This proposal aims to develop a new computing paradigm to build more effective cloud computing schemes for web-scale multimedia search and learning. It considers the need for algorithmic and systematic design, and aims to break down the gap between fast searching requirement and the burden of processing high dimensional multimedia features. It is well-known that loading and computing high dimensional data are both expensive procedures. The proposed paradigm employs data summary for small trunks and uses those summaries to estimate the lower bound and upper bound for searching measures. Based on these bounds, this paradigm can filter out a lot of data samples before loading them, and thus can reduce the transmission and computation overhead. The new paradigm generalizes Google?s MapReduce computing paradigm for the task of searching high dimensional data, and fits better the applications of processing multimedia data than the general-purpose computing paradigm.
The intellectual merit of this proposal is to exploit the computing resources offered by cloud computing and to develop novel algorithms to perform the multimedia data search in a distributed and efficient manner. The PI?s ambition of making cloud computing suitable for high-dimensional numerical data, if successful, will revolutionize the future of cloud computing, and have a tremendous impact on society at large. The challenges of the problems and its potential payoff and impact, if successful, make this proposal ideally suited for the EAGER program.

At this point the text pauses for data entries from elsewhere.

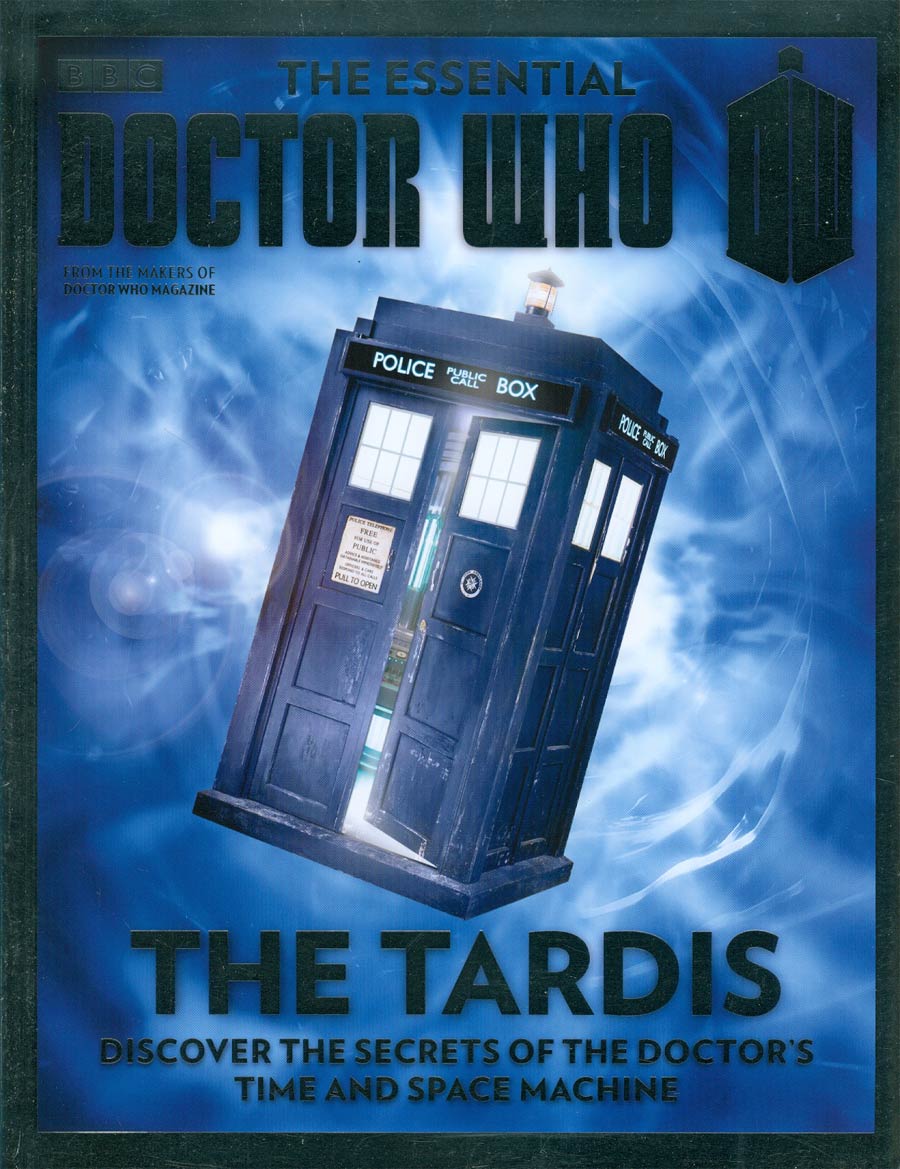 Doctor Who Essential Guide #2 The TARDIS
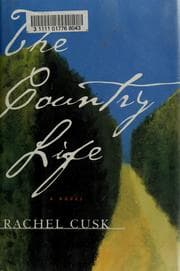 Tapa de The country life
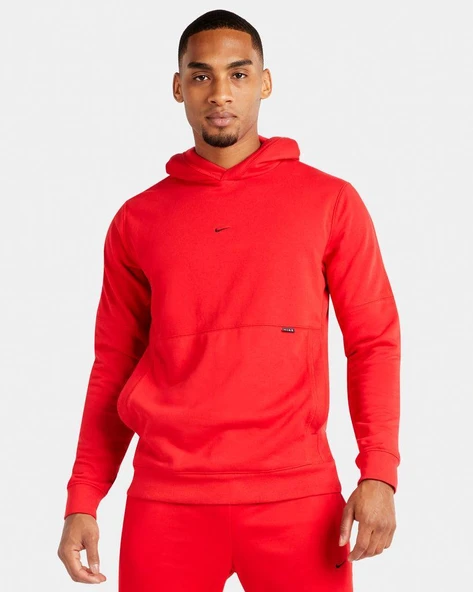 Nike DH9380-657 M Nk Strke22 Po Hoody Erkek Sweatshirt - 3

The goal of this project is to develop new computing paradigm for next generation multimedia searching. The problem of efficiently searching multimedia document has posed a serious challenge for large scale datasets in the past five years, mainly due to the difficulties in processing high dimensional numerical features. The outcome of our research includes: We developed a novel large scale visual recognition system and was ranked 1st in the Image-net challenge (www.image-net.org/challenges/LSVRC/2010/), the largest image classification competition. Our method works well and obtains 52.9% classification accuracy and 71.8% top-5 hitting rate for millions of images with one thousand categories. We proposed a new large scale image indexing method which could retrieve billion scale image dataset in less than 30 microseconds. We also consider the problem of measuring "similarity" of objects in large graph and social networks. We aim explore the rich resource of the network structure. Intuitively, in a movie sharing network, a video might be interesting to a user if he likes another movie that is similar. In this work, we aim to design an efficient algorithm named Delta-SimRank on distributed computing system. In the best case, we get up to 30 times speed-up compared on distributed MapReduce system. Our research can be used for the task of geographical image understanding. We study millions of personal photos in Flickr, which are associated with user tags and geographical information. We consider two interesting applications of mining geographical image database: first we can recommend tourism trajectory based on geo-tagged photos. Second we can discovery geographical topics, by combining geographical clustering and text topic mining into one framework. Our method can be used to compare the distribution of different topics including food, landscape, and products.